Aux termes de l’article L. 262-46 du code de l’action sociale et des familles : « Tout paiement indu de revenu de solidarité active est récupéré par l'organisme chargé du service de celui-ci ainsi que, dans les conditions définies au présent article, par les collectivités débitrices du revenu de solidarité active. / (…) La créance peut être remise ou réduite par le président du conseil départemental en cas de bonne foi ou de précarité de la situation du débiteur, sauf si cette créance résulte d'une manœuvre frauduleuse ou d'une fausse déclaration. (…) ».

Lorsqu’il statue sur un recours dirigé contre une décision refusant ou ne faisant que partiellement droit à une demande de remise gracieuse d’un indu d’une prestation ou d’une allocation versée au titre de l'aide ou de l'action sociale, du logement ou en faveur des travailleurs privés d'emploi, il appartient au juge administratif, eu égard tant à la finalité de son intervention qu’à sa qualité de juge de plein contentieux, non de se prononcer sur les éventuels vices propres de la décision attaquée, mais d’examiner si une remise gracieuse totale ou partielle est susceptible d’être accordée, en se prononçant lui-même sur la demande au regard des dispositions applicables et des circonstances de fait dont il est justifié par l'une et l'autre parties à la date de sa propre décision.

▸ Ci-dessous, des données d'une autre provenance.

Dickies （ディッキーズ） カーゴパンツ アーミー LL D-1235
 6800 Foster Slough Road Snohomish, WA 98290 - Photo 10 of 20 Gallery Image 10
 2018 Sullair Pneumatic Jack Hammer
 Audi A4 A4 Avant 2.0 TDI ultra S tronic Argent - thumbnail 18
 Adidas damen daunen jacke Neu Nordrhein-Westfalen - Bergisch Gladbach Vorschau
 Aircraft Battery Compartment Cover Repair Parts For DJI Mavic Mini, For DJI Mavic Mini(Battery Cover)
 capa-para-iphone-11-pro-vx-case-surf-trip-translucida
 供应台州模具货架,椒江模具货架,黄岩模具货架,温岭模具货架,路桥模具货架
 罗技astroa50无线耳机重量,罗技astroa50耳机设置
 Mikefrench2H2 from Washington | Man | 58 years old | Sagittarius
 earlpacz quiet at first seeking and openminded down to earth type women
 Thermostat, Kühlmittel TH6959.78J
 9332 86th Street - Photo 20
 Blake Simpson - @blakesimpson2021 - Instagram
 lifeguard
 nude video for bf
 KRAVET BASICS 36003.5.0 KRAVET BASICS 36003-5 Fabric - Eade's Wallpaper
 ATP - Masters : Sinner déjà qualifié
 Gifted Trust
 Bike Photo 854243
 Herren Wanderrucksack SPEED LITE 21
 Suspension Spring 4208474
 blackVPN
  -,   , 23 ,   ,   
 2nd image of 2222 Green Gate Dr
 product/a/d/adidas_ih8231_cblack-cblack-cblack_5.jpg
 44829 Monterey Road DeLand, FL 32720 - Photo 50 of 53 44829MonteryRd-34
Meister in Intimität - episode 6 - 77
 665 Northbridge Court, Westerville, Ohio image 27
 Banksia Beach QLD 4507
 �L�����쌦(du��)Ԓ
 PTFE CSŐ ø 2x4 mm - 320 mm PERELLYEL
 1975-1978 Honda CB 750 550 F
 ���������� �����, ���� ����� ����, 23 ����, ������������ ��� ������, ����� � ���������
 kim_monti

La bonne foi de Mme et M. C... n’est pas contestée. Compte tenu de leurs ressources et charges et de la composition de leur foyer, qui présente un quotient familial particulièrement faible, Mme et M. C... justifient être placés dans une situation de précarité. Dans ces conditions, il y a lieu de leur accorder une remise totale de sa dette de revenu de solidarité active et d’annuler la décision du département de la Loire du 28 novembre 2024.



D E C I D E :

Article 1er : La décision du 28 novembre 2024 du département de la Loire est annulée.

Article 2 : Il est accordé à Mme et M. C... une remise totale de la dette de revenu de solidarité active laissée à sa charge pour un montant de 3 286,29 euros

Article 3 : Le présent jugement sera notifié à Mme A... C..., à M. B... C..., au département de la Loire et à la caisse d’allocations familiales de la Loire.


Rendu public par mise à disposition au greffe le 2 avril 2026.



La magistrate désignée,

M. Fullana Thevenet
La greffière,

F. de Biasi




La République mande et ordonne à la préfète de la Loire en ce qui la concerne ou à tous commissaires de justice à ce requis en ce qui concerne les voies de droit commun contre les parties privées, de pourvoir à l'exécution de la présente décision.